In [1]:
from bs4 import BeautifulSoup
import spacy
from spacy import displacy
from spacy.matcher import Matcher
import requests
import re
import numpy as np

nlp = spacy.load('en_core_web_sm')

In [2]:
#We want to search for any first bein with Ryan.
#Then followed by any capitalized letter [A-Z]
#Then we grab the entire 2nd word \w+

pattern1 = r"Ryan [A-Z]\w+"
text1 = 'Ryan Bobby is much cooler than Ryan Gosling'
matches = re.findall(pattern1, text1)
print (matches)



['Ryan Bobby', 'Ryan Gosling']


In [3]:
matches = re.finditer(pattern1, text1)
for i in matches:
    print(i)

<re.Match object; span=(0, 10), match='Ryan Bobby'>
<re.Match object; span=(31, 43), match='Ryan Gosling'>


In [4]:
from spacy.tokens import Span

In [5]:
nlp = spacy.blank('en')
doc = nlp(text1)
doc.ents

print(doc.char_span(0,2))

None


In [6]:
#We Build custom components to our function
nlp = spacy.blank('en')
doc = nlp(text1)
original_ents = list(doc.ents)

#Multi Words Token
mwt_ents = []
for match in re.finditer(pattern1, doc.text):
    start, end = match.span()
    span = doc.char_span(start, end)
#     print(span)
    if span is not None:
        #Now, the span aligninng with the token, not the characters anymore
        mwt_ents.append((span.start, span.end, span.text))
        
print(mwt_ents)
print('############')

#Now we want to inject it into our function entities
for ent in mwt_ents:
    start, end, name = ent
    per_ent = Span(doc, start, end, label = "PERSON")
    original_ents.append(per_ent)
doc.ents = original_ents

for ent in doc.ents:
    print(ent.text, ent.label_)

[(0, 2, 'Ryan Bobby'), (6, 8, 'Ryan Gosling')]
############
Ryan Bobby PERSON
Ryan Gosling PERSON


In [7]:
from spacy.language import Language
pattern1 = r"Ryan [A-Z]\w+"
@Language.component('paul_ner')
def paul_ner(doc):
    
    original_ents = list(doc.ents)

    #Multi Words Token
    mwt_ents = []
    for match in re.finditer(pattern1, doc.text):
        start, end = match.span()
        span = doc.char_span(start, end)
        if span is not None:
            #Now, the span aligninng with the token, not the characters anymore
            mwt_ents.append((span.start, span.end, span.text))

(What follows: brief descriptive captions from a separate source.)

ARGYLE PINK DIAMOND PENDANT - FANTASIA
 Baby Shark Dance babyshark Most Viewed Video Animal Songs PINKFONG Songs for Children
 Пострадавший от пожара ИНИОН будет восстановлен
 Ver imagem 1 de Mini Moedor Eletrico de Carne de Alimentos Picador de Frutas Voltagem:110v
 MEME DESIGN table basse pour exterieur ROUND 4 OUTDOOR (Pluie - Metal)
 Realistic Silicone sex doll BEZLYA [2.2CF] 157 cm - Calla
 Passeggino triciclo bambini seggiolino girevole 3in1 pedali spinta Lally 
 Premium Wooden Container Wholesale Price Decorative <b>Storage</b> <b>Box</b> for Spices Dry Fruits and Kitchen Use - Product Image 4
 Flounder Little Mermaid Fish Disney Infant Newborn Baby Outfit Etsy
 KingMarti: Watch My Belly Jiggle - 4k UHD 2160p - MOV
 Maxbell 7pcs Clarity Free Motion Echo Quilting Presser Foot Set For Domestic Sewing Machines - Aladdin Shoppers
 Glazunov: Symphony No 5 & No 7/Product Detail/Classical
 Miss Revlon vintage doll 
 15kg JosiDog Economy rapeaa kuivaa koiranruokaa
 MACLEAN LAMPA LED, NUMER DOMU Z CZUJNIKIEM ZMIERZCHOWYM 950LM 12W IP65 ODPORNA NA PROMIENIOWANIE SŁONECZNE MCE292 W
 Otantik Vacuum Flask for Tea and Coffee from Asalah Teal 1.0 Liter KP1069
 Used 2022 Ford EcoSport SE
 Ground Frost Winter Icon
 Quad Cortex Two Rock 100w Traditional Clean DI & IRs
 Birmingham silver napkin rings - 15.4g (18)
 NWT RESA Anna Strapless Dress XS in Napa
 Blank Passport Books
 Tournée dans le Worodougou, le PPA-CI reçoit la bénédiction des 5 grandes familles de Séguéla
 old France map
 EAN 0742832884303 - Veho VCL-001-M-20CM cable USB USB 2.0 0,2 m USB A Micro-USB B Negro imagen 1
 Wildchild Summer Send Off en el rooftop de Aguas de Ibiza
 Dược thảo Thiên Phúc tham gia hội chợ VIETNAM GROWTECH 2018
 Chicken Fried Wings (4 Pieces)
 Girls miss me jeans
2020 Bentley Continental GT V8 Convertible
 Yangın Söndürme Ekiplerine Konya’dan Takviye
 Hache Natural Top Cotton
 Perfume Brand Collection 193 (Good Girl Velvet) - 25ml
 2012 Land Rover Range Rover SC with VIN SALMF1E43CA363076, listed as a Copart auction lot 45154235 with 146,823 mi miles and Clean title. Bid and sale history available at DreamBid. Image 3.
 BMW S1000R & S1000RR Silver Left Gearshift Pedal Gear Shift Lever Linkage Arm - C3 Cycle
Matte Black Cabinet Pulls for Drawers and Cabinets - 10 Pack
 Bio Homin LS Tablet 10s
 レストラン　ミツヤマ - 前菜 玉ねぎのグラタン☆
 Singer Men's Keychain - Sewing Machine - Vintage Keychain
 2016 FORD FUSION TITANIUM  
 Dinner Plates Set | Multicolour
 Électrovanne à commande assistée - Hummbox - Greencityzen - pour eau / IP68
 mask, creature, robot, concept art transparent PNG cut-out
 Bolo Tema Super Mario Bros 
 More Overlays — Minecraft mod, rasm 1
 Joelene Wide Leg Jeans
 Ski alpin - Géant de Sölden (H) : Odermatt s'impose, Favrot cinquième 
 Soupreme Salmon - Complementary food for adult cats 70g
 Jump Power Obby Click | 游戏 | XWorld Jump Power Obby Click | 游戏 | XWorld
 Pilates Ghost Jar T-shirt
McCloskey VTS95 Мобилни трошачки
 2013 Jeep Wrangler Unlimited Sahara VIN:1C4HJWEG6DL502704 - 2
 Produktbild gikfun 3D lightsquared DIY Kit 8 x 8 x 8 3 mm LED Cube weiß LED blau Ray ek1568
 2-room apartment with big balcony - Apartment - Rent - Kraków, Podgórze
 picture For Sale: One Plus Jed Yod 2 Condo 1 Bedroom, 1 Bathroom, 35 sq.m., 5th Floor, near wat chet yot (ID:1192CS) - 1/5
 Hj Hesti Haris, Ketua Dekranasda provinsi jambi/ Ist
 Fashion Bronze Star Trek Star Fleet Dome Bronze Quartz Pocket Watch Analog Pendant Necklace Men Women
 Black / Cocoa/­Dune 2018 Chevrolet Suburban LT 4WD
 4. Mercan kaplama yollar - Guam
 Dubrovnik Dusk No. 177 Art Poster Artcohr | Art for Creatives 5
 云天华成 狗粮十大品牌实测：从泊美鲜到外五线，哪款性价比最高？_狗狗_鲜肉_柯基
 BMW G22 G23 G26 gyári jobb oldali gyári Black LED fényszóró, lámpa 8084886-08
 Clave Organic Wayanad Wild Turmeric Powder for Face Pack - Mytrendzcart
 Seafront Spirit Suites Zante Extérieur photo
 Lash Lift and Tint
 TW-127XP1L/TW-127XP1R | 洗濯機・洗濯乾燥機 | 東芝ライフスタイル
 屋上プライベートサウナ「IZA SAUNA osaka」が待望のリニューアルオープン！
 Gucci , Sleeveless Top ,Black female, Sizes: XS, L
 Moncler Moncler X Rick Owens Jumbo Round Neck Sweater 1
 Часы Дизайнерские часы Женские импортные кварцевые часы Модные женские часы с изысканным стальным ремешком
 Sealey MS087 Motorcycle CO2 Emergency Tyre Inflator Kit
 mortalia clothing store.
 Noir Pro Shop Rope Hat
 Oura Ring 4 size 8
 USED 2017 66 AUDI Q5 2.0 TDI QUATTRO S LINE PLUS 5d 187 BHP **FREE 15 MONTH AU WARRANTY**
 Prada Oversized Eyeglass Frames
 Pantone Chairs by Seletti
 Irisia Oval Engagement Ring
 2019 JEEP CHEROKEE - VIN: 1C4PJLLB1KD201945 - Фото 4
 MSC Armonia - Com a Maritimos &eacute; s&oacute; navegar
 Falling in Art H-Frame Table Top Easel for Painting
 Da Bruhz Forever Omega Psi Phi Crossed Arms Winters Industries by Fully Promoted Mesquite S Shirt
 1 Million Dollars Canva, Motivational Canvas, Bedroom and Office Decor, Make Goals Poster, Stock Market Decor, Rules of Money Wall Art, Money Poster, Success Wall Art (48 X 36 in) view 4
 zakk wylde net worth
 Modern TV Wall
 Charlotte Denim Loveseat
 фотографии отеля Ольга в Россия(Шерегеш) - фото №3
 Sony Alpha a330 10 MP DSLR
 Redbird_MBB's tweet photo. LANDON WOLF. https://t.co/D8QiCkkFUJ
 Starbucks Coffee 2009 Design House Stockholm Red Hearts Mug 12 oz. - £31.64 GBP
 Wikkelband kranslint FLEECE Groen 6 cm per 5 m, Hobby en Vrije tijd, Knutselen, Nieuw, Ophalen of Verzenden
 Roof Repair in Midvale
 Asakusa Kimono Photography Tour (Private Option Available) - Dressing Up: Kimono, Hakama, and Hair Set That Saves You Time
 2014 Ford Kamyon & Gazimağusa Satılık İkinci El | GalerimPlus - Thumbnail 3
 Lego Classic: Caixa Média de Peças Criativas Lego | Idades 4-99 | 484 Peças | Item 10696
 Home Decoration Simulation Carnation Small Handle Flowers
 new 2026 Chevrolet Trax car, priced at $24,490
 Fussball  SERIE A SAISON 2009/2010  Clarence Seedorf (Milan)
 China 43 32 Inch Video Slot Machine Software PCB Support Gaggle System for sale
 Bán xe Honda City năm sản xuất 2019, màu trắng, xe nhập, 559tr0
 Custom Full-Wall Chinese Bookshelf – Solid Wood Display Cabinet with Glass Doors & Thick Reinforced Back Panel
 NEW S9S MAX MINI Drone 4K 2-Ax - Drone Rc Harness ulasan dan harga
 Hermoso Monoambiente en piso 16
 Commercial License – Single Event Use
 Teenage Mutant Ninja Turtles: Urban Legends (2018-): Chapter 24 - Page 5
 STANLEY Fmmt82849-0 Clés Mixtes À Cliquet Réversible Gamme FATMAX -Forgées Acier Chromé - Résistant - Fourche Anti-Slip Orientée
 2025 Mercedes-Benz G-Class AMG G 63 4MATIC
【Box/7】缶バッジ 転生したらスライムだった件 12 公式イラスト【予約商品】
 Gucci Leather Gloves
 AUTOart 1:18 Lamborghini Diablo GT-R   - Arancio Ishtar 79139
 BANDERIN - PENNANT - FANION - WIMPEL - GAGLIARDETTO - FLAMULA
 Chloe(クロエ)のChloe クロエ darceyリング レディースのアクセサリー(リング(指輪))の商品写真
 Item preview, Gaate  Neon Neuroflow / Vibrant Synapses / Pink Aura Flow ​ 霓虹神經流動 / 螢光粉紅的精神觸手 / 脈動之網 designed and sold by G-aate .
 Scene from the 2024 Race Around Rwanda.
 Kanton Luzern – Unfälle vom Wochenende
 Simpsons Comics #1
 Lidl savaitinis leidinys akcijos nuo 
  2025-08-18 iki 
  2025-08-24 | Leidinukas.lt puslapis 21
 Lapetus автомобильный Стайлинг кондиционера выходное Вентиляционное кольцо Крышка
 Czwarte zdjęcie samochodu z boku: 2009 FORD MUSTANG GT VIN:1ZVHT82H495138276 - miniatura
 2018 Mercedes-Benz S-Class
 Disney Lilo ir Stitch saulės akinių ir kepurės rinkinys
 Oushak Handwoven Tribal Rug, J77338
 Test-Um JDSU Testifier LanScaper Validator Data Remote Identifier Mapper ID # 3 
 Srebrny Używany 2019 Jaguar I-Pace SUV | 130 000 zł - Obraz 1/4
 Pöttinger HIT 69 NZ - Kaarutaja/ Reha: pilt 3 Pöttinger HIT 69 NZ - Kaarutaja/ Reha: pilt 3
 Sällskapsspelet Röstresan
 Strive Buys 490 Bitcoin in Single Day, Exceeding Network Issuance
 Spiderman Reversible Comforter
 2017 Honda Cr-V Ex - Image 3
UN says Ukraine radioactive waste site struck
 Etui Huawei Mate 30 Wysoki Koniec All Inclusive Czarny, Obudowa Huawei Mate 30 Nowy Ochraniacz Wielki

    #Now we want to inject it into our function entities
    for ent in mwt_ents:
        start, end, name = ent
        per_ent = Span(doc, start, end, label = "PERSON")
        original_ents.append(per_ent)
    doc.ents = original_ents
    return (doc)


In [8]:
nlp2 = spacy.blank('en')
nlp2.add_pipe('paul_ner')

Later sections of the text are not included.